South Korean Cinemas Go Completely Digital
The country's last remaining theater to show analog films has switched over to digital, while related businesses are closing doors.
SEOUL -- Analog films will no longer be available in South Korea, as the last of local analog theaters has gone digital and other related businesses are closing.
Cinecube, an arthouse theater in central Seoul and the country's last remaining cinema to show analog movies, replaced all of its film projectors with digital ones earlier this month, the theater told Yonhap News Agency.
The theater follows in the footsteps of Korea's major cinema chains. In April, the country's largest multiplex brand CJ CGV replaced all of its projectors with up-to-date digital equipment; Lotte Cinema went completely digital in 2010. Megabox, another big local theater chain, completed the process in late 2012.

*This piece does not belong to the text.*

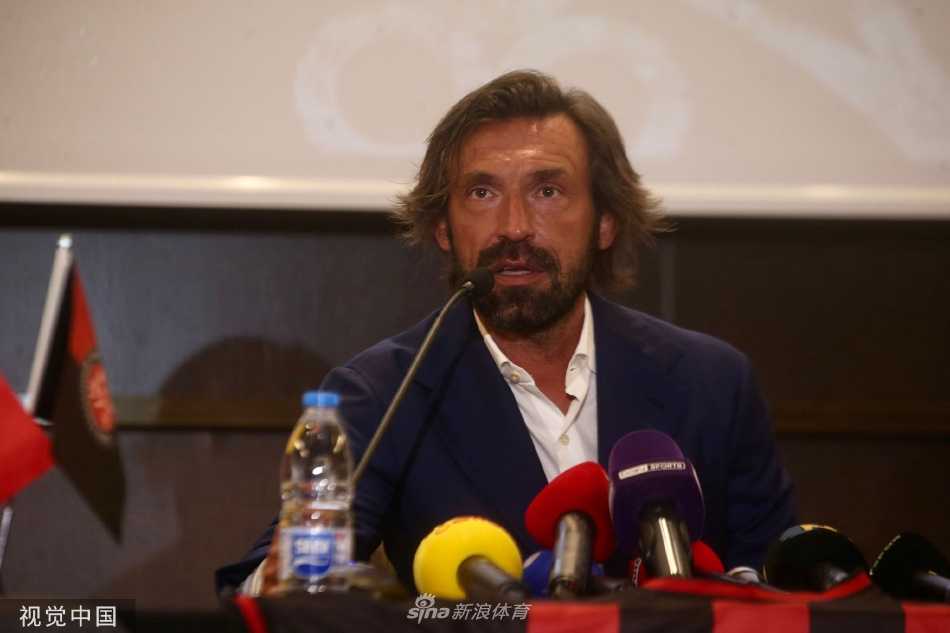 皮尔洛在发布会上面带沉思，似在认真规划球队未来的战术蓝图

Cinecube and CGV's arthouse theater Movie Collage will hold on to analog film projectors. They will be used for special film showcases or retrospectives. Moviegoers will be unable to watch new releases in analog film.
The digitization process has affected related business.
"It's sad to see what seems to be the end of an era," said Jang Gang-seok of Seoul Film Laboratory, a film processing firm that has developed such notable works in contemporary Korean cinema as Kim Jee-woon's The Good, The Bad, The Weird (2008) and Park Chan-wook's Thirst (2009).
The firm will permanently close its doors, joining other major film laboratories that have shut down during the past two years.
Cinemate, a film processing laboratory and Korea's last remaining firm that creates subtitles for analog films, will wrap up its analog business. The firm says it will shift its focus to digital movie subtitles and postproduction work, starting in January next year.
"Local film fans will no longer be able to see new films made in analog," said Song Sang-gyun, a board member of Cinemate.